Como alternativa, la evaluación puede ser
simplemente cualitativa, es decir, para indicar si las
concentraciones de holo-TCII y/o folato están por
encima o por debajo de uno o más valores umbral preseleccionados,
por ejemplo, valores indicativos de la ausencia de CVD detectables
por el ensayo, de la presencia de CVD (o CVD potencial, o
propensión a CVD) detectables por el ensayo, o incertidumbre en
cuanto a presencia o ausencia de CVD, etc. Los valores concretos
para dichos valores umbral u otros valores de referencia para la
concentración de holo-TCII y/o folato pueden
depender de la naturaleza de la muestra, la edad, peso, sexo, y
especie del sujeto y se pueden determinar de forma rutinaria
ensayando sujetos equivalentes sin CVD o con CVD en diversas fases
de desarrollo.
Un valor indicativo de la concentración de
holo-TCII determinado (o "evaluado") de acuerdo
con el método de la invención puede ser una concentración absoluta
de holo-TCII o puede ser como alternativa un índice,
proporción, porcentaje o indicación similar de la concentración de
holo-TCII y de la de algún otro analito, por
ejemplo, otra transcobalamina u homocisteína. Una proporción
preferida es aquella entre la concentración de
holo-TCII y la concentración total de cobalamina.
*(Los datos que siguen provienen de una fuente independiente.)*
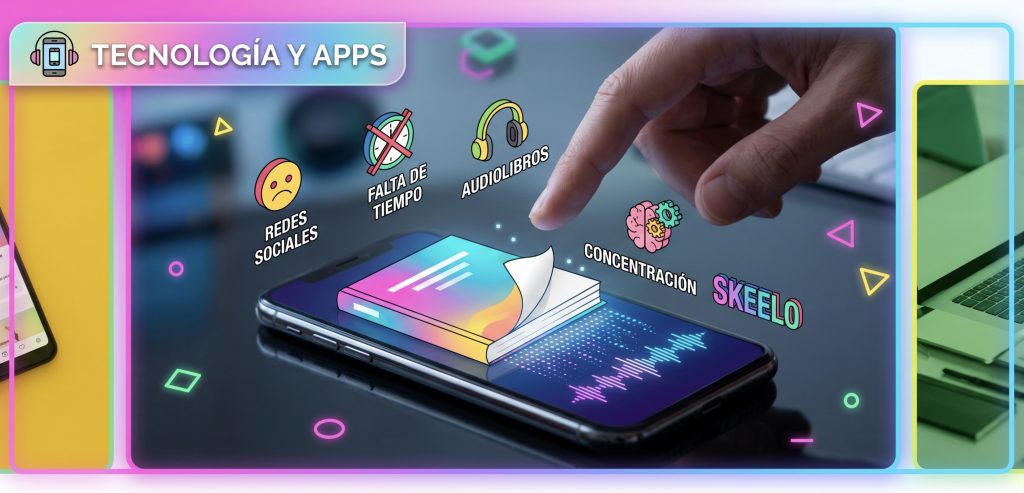 Una mano interactuando con un smartphone que muestra iconos flotantes de 'REDES SOCIALES', 'FALTA DE TIEMPO', 'AUDIOLIBROS' y 'SKEELO'. El smartphone muestra una transformación visual de un libro físico a datos y audio. La imagen tiene un borde de neón rosa y azul con la sección "TECNOLOGÍA Y APP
Los ensayos de cobalamina total se conocen de la bibliografía como
también se conocen ensayos para otros analitos tales como
homocisteína, que se ha mencionado anteriormente.
La muestra corporal usada en el método de ensayo
de la invención puede ser cualquier muestra que contenga
cobalamina, por ejemplo, un fluido corporal o muestra tisular, o una
suspensión, etc. Generalmente la muestra no será orina o una
muestra tomada del tracto gastrointestinal. Preferiblemente, la
muestra será un fluido corporal, por ejemplo, fluido seminal,
fluido cefalorraquídeo o fluido amniótico, o más particularmente
sangre o una muestra derivada de sangre. Cuando este es el caso, la
muestra usada para el análisis estará preferiblemente libre de
células y por tanto se puede usar suero o plasma. La muestra se
puede tratar antes de usarse en el método de ensayo de la
invención, por ejemplo, se puede diluir añadiendo un tampón u otro
medio acuoso.
Aunque se conocen y se pueden usar ensayos para
holo-TCII en el método de la invención, no se ha
sugerido previamente que la holo-TCII sea un
marcador para CVD o propensión a CVD.
Se describen o se citan ejemplos de ensayos de
holo-TCII, por ejemplo, en: Herzlich et al.,
Lab. Invest. 58: 332-337 (1988); Markle,
Critical Reviews in Clinical Laboratory Sciences 33:
247-356 (1996); Herbert, Am. J. Clin. Nutrition
59 (5 Supl.): 1213S-1222S (1994); Das et
al., J. Nutr. Biochem. 2: 455-464 (1991);
van Kapel et al., Clin. Chim. Acta 172:
297-310 (1988); Lindemans et al., Clin. Chim.
Acta 132: 53-61 (1983); Nex\diameter et
al., Scand. J. Lab. Invest 37: 723-728
(1997); Morelli et al., J. Lab. Clin. Med. 89:
645-652 (1977); Carmel, Am. J. Clin. Pathol.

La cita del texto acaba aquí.